Na twee stadhouderloze tijdperken (1650-1672 en 17021747) was de Republiek t.o.v. het buitenland sterk achterop geraakt. Reactie hierop en op de Vierde Engelse Oorlog (1780-1784) was de patriottenbeweging, een monsterverbond tussen aristocratische regenten die Oranje weg wilden hebben en hervormingsgezinde democraten. In 1795 leidde deze beweging tot de door Frankrijk gesteunde zg. Bataafse Republiek, door Napoleon in 1805 vervangen door het Koninkrijk Holland. Uit het in 1815 onder Willem I uitgeroepen Verenigd Koninkrijk der Nederlanden maakte België zich in 1830 los. Na deze scheiding bleef in Nederland het traditionele overheersen met als voornaamste verandering de grondwetswijziging van 1848: opkomst van het parlementaire stelsel (ministerieel kabinet). In vergelijking met overig West-Europa kwam de industrie pas laat op gang, ca. 1870. Belangrijke zaken tijdens en na WO I (waarin Nederland neutraal was) waren het algemeen kiesrecht in 1917 en het vrouwenkiesrecht in 1919. Tot WO II was Nederland een overwegend agrarisch land. 10-5-1940 vielen de Duitsers het land binnen en begon een duistere periode, die pas na vijf jaar zou eindigen. Na de oorlog ontstonden een versnelde industrialisatie en grootschalige landbouw, hetgeen leidde tot hogere exporten. Opvallend waren verder het verlies van de koloniën (1949 zelfstandig Indonesië, 1975 Suriname) en de aansluiting bij diverse internationale organisaties en bondgenootschappen.

Afhankelijke gebieden

Nederlandse Antillen - Overzees rijksdeel in het Caribisch gebied; oppervlakte: 961 km2; inwoneraantal: 266.000; hoofdstad: Willemstad. Staatshoofd: koningin Beatrix van Nederland, vertegenwoordigd door een gouverneur. Regeringsleider: premier Don Martina (geb. 1935), leider van de Curaçaose partij Movimiento Antijas Nobo (MAN), na de verkiezingen van 1982 met 6 zetels in de 22 zetels tellende Staten.
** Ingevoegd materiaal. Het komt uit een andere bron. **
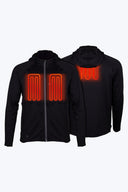 Mobile Warming Technology Baselayers Element Mid-Layer Full Zip Hoodie Men's - Black Heated Clothing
De Antillen zijn sinds 1954 een autonoom deel van het Koninkrijk der Nederlanden, maar streven naar volledige onafhankelijkheid. Het land bestaat uit de Benedenwindse Eilanden Aruba, Bonaire en Curaçao (het hoofdeiland), voor de kust van Venezuela, en ca. 900 km noordelijker de Bovenwindse Eilanden Saba, Sint Maarten (waarvan het grotere noordelijke deel tot het Franse Guadeloupe behoort) en Sint Eustatius. Landbouw en veeteelt zijn op alle eilanden weinig ontwikkeld en men is afhankelijk van olieraffinage op Curaçao en Aruba en van de inkomsten van toerisme (Aruba, Sint Maarten en Curaçao). Er vindt winning plaats van zout en fosforiet. Grote werkloosheid, slecht financieel beleid en een topzwaar ambtenarenapparaat maken de Antillen financieel sterk afhankelijk van het moederland.